International humanitarian charity Penny Appeal launched the British Muslim Variety Show in the UK to raise money for orphans.
The line-up includes poets, comics and theatrical performers; who will take to the stage in 10 UK cities as part of the fifth edition of the charity’s Orphan Kind fundraising campaign.
Previous runs of the show have raised up to £500,000 ($616,000) which goes towards providing meals for children in the UK and countries in the Middle East, as well as across Asia and Africa.
As the cost-of-living crisis hits families in the UK, the charity’s Yorkshire-born founder, Adeem Younis, told The National his drive to help others comes from his own underprivileged childhood.
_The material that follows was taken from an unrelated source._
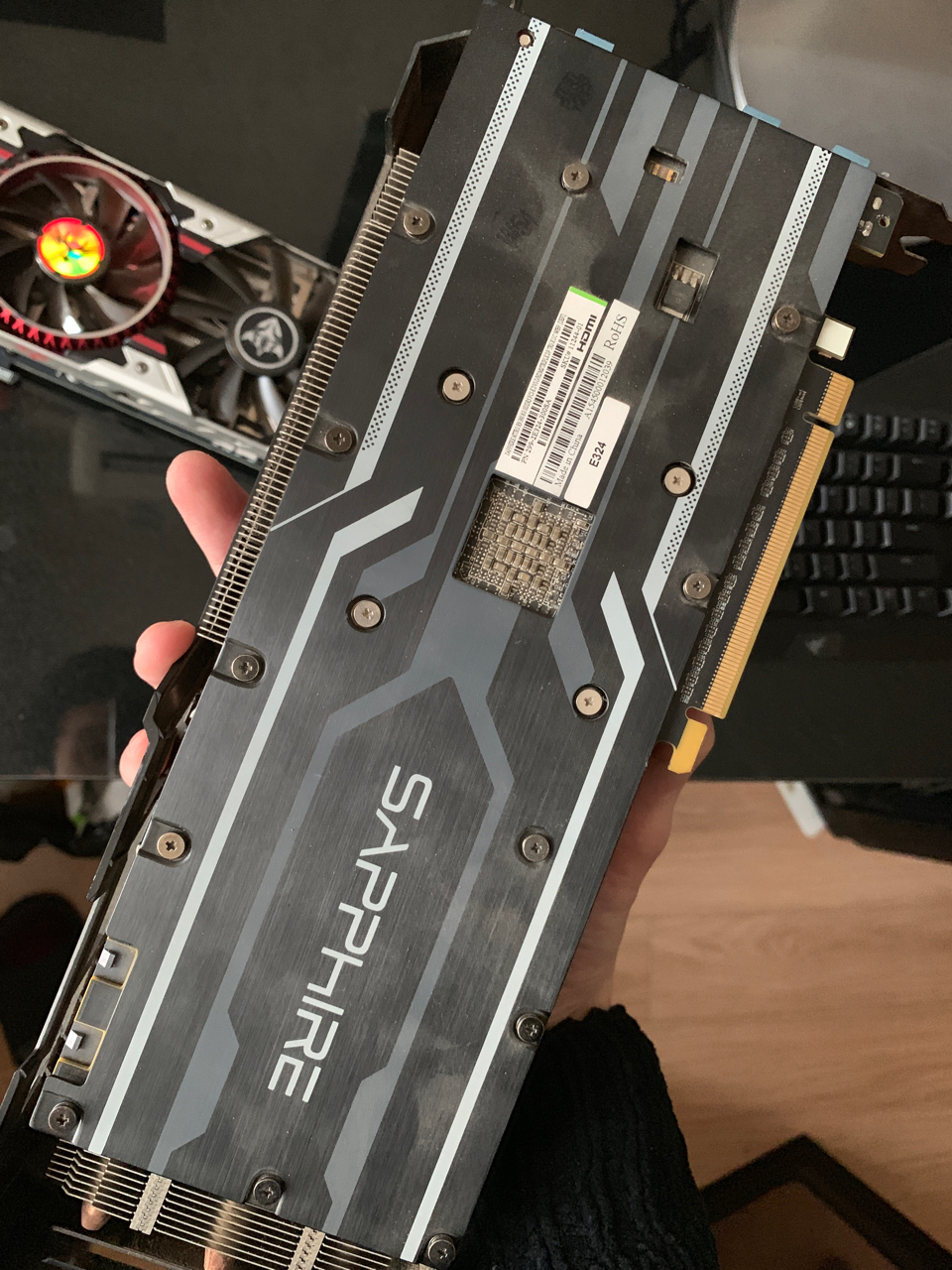 电脑硬件蓝宝石r9390显卡8g超白金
“I know how it feels. My father died when I was six years old. When I was at school I was using free school meal tokens. The team we have are all passionate to save lives,” the British-Pakistani founder says.
Despite the struggles of his youth, the philanthropist has previously described the experience as one full of “love and opportunity and inspiration".
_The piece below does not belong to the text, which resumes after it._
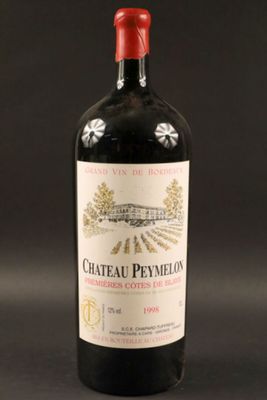 Château Peymelon, première côtes de Blaye, 1998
After his father’s death, Younis’s mother worked to provide for the family, setting up her own market stall business, which stirred the future entrepreneur to start his own businesses, including the successful digital matrimony platform, SingleMuslim.com, in 2000.
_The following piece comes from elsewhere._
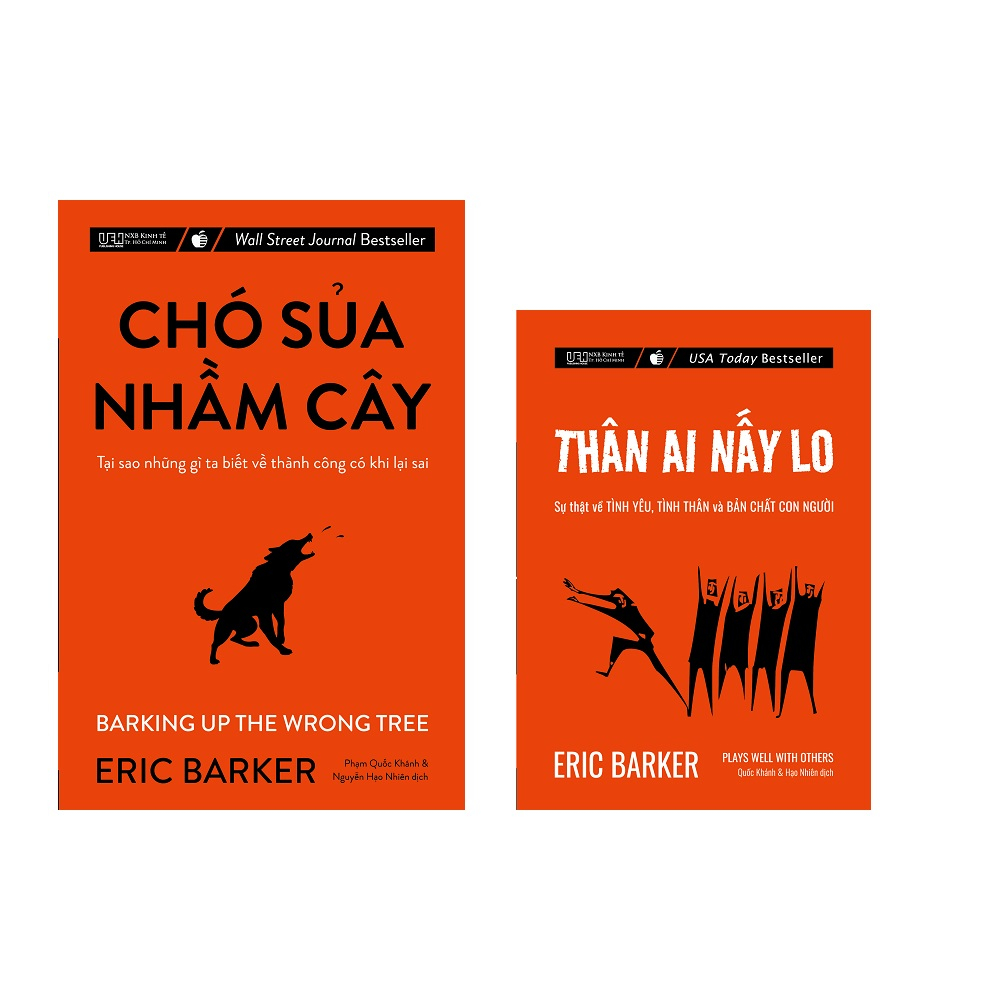 Sách - Combo Tại sao những gì ta biết có khi lại sai? (Chó sủa nhầm cây + Thân Ai Nấy Lo)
“As soon as I could, I would do my best to help contribute to our family. Even just selling sweets in school. I saw entrepreneurship as a form of empowerment, as a springboard to elevate you from difficult times. This is what drove me as a teenager to set up my first business and, it’s what moved me into philanthropy too,” he says.
Younis, who started the Penny Appeal in 2009, published his memoir, Small Change, Big Difference: The Penny Appeal Story, last year during Ramadan.
The charity, a two-time Guinness World Record holder for the longest live broadcast of a charitable event, has raised more than £100 million since it started, including the delivery of millions of meals to people around the globe.
Younis hopes this year’s series of the Big Muslim Variety Show will hit previous fundraising targets again. The money will be spent on providing orphans worldwide with clothes, health care and education.
Beyond his altruistic aims, the humanitarian says the shows are an opportunity to “showcase the best of Muslim talent in Britain".
“We’re comfortably British and comfortably Muslim in that we are comfortable with both identities. Our show is a mixture of traditional Nasheed singing and poems as well as beatboxers, artists and comedians,” Younis says.
“Having a variety show that brings the family out shows how privileged we are to be able to do this, especially when people in other parts of the world don’t have access to basic human needs, like access to health facilities.”
The roster of performers is impressive and explains why the variety show has previously drawn in total crowds of 10,000.
Comedian and actor Abdullah Afzal — best known from BBC hit show Citizen Khan — will be hosting, with his rapid fire and hilarious anecdotes about Muslim lifestyles.
Audiences will also be able to see other established acts such as spoken-word artists Sukina Pilgrim and Faisal Salah, Nasheed artists Safe Adam and Ismail Hussain as well as comedians Prince Abdi and Aatif Nawaz.
There will also be a special performance from Neelain Blues, a collective of drummers and poets from Africa and the Middle East, as well as Italian-Pakistani singer Sajal and writer-performer Chifa.